Tuesday, August 13, 2019

The earth is mine...or is it?

Have you noticed how the subject of climate change has become just another political football?  Many conservatives line up on the side that refuses to accept evidence that global warming is truly changing the face of our planet.  Liberals and environmentalists loudly proclaim that unless governments insist on greater protection of dwindling resources and cuts in the use of fossil fuels, we risk irrevocable destruction of our planet.
As in most political discussions I read about among Christians, the missing element seems to be "What do the Scriptures say?"  As I've been moving through God's Word in my daily devotions, I've noticed some things in Psalm 104 that may help all of us develop a different perspective of the problem. 

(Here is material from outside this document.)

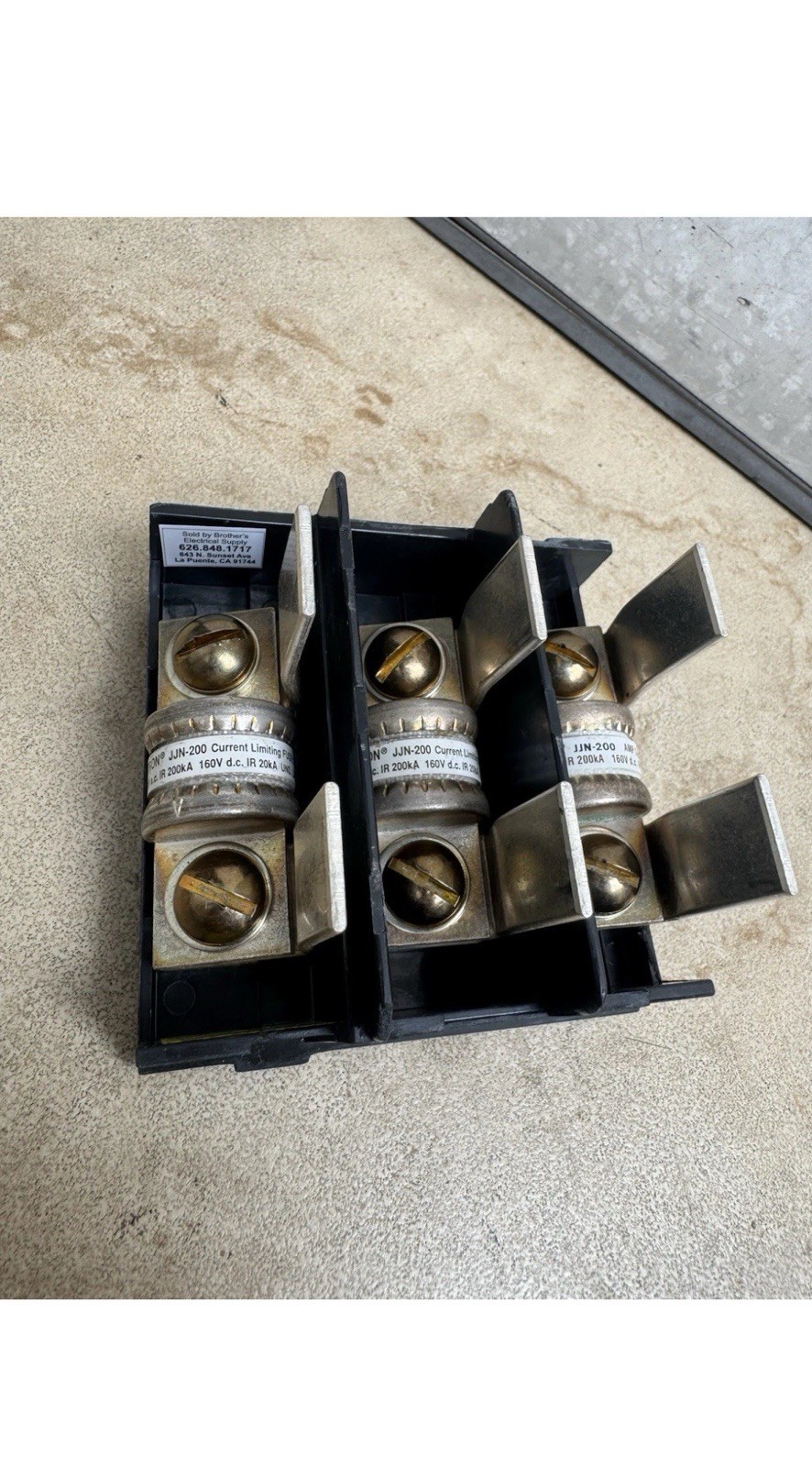 BoltSwitch PT324 PullOut 200A 3Pole 240V Included Fuses Shipping Same Day.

If Psalm 105 deals with pivotal events in Israel's history, Psalm 104 focuses on our relationship with our creator in the context of the natural world He made.  It almost seamlessly describes the beauty, variety, and utter joy in nature and where we fit into the order.  God provides us with the bounty of nature to make us happy - our hearts glad, our faces glisten, and our bodies are sustained with the food that He provides.   Lions hunt (interesting phrasing - they seek their food from God!) and we also do our work according to the seasonal rhythms that God ordained before artificial light changed our relationship with work and nature. 

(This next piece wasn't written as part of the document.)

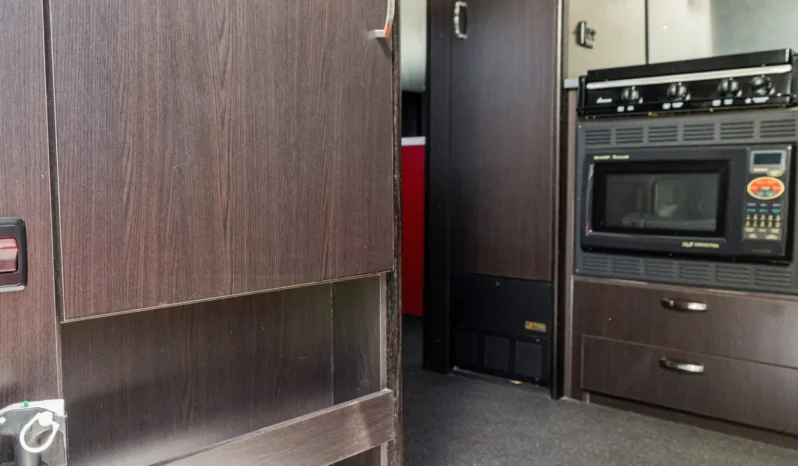 
								2010 Airstream 19CNB Victorinox Edition full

Yet the end of this psalm is jarring - it is a prayer that God would remove sinners from the earth.  Why?  Perhaps because sin always has been an anomaly and ruins on every level the beauty and order God created.  But how does sin destroy this triangular relationship between Creator, nature, and us - the crown of His creation?  Any and every sin corrupts the entire created order - which is why, in the end, God creates a new heaven and a new earth - free from the corruption of sin - set free from its corruption and slavery to decay as Paul points out in Romans 8.  No longer groaning but free. 

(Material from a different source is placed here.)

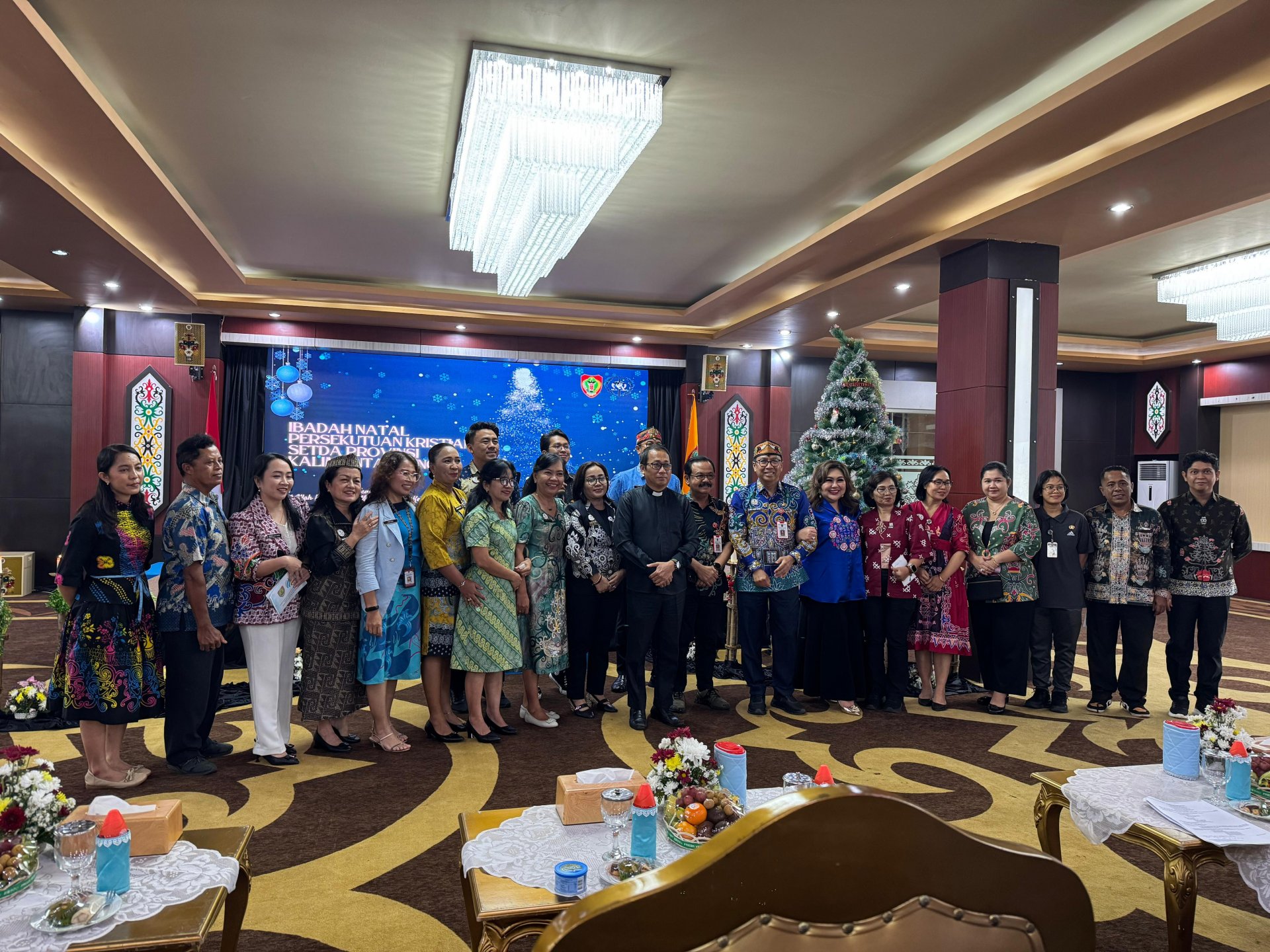 Plt. Sekda Leonard S. Ampung Hadiri Natal Persekutuan Kristiani Sekretariat Daerah Provinsi Kalimantan Tengah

I sense that many Christians believe that the protection of the natural world sometimes goes too far.  It is true that many environmentalists who would not bat an eye at the millions of unborn babies that are murdered would protest loudly the killing of a few baby seals.  People are more valuable than many sparrows.  Not my words, but those of Jesus.  There is an economic cost to preserving the environment and our leaders need to think carefully and deeply before making decisions that may cost the livelihood of thousands of families. 

But there is a need for balance.  Christians ought to be the first in line as environmental advocates.  We who rejoice in the beauty and order of our Creator as expressed in the variety and exquisiteness of His creation ought to be the first to sound the alarm when that creation is marred and endangered in the name of profit.  Too often we ask the wrong questions.   Are we willing to sacrifice some of our comforts to ensure that our children can receive what God has given us part of their inheritance?  If Christians are having trouble sacrificing a mere ten percent of our wealth to support our churches and missionaries (those are the current statistics), then perhaps the problem is not with the evidence of global corruption but with the corruption of our own hearts.  Sin is always destructive - to  human flourishing, human history (see Psalm 105), and to the delicate nature of our natural world.  Why should the effects of sin on human relationships be railed against while sin against the other side of nature is ignored and its advocates labeled as dangerous fanatics? It doesn't have to be babies OR seals.  Can we be pro-life in every way?

We need to face the fact that "the earth is the Lord's and everything in it. (Psalm 24:1)"  Leviticus 25 provided some very strong warnings to Israel, lest they claim that the land really belonged to them and that they could treat it however they liked.  God made it clear that they were borrowing it for awhile - that they were "strangers and sojourners (v. 23)."  Indeed, one of the reasons for the exile, was Israel's failure to honor God's command to give the land a sabbath every seven years (v. 4).  One of the saddest verses in the Bible is II Chronicles 36:21. "The land enjoyed its sabbath rests; all the time of its desolation, it rested until the seventy years were completed in fulfillment of the word of the LORD spoken by Jeremiah."

Those that belong to Jesus can be thankful that no such epitaph will be written for us at the end of time.  God will take it upon himself to restore all things in nature just as He conquered death through Christ. Still, we need to ask ourselves, do we really believe that the earth belongs to God and that we are stewards of it?  How will we give account for that stewardship in the end?